## [Problem to solve]
Below are some entries; state how many of their lines include the word "Heart" and give no more than that number.

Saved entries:
- - - -
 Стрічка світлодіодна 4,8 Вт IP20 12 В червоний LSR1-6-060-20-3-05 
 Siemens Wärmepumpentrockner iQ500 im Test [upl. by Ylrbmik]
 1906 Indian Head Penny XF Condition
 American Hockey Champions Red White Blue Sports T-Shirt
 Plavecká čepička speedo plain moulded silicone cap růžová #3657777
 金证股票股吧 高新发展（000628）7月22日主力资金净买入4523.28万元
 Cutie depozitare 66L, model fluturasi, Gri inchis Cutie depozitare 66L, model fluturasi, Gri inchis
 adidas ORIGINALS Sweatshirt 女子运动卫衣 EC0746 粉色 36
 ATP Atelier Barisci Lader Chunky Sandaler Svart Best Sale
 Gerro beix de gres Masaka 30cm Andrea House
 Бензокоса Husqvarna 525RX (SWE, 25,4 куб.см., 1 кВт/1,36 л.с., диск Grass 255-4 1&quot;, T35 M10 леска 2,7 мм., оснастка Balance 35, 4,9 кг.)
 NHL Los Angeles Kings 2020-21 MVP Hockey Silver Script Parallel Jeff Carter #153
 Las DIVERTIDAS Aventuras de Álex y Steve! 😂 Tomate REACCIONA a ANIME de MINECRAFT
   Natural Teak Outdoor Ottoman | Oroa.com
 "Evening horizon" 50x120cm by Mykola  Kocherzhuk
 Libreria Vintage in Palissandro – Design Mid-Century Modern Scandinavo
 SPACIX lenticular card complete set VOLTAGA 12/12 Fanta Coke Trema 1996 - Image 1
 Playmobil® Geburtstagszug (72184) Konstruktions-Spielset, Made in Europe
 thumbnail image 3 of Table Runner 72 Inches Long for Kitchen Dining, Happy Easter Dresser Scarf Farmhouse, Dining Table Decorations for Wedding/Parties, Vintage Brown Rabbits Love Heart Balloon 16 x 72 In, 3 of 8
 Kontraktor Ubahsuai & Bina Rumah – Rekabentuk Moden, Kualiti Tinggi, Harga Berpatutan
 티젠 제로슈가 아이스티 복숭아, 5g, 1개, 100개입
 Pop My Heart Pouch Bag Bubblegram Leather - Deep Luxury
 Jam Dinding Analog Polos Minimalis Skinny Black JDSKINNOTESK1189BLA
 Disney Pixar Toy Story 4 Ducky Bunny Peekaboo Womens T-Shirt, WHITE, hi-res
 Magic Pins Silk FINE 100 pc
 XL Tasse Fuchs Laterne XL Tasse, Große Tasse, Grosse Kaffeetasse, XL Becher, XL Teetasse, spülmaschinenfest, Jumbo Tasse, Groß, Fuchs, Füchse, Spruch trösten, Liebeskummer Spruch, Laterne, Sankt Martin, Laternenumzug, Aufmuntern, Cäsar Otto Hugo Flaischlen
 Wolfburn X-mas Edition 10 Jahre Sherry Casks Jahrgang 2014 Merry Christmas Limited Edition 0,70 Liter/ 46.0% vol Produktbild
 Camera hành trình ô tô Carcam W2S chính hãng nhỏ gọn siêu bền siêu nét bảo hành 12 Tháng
- - - -
## [Problem solution]
2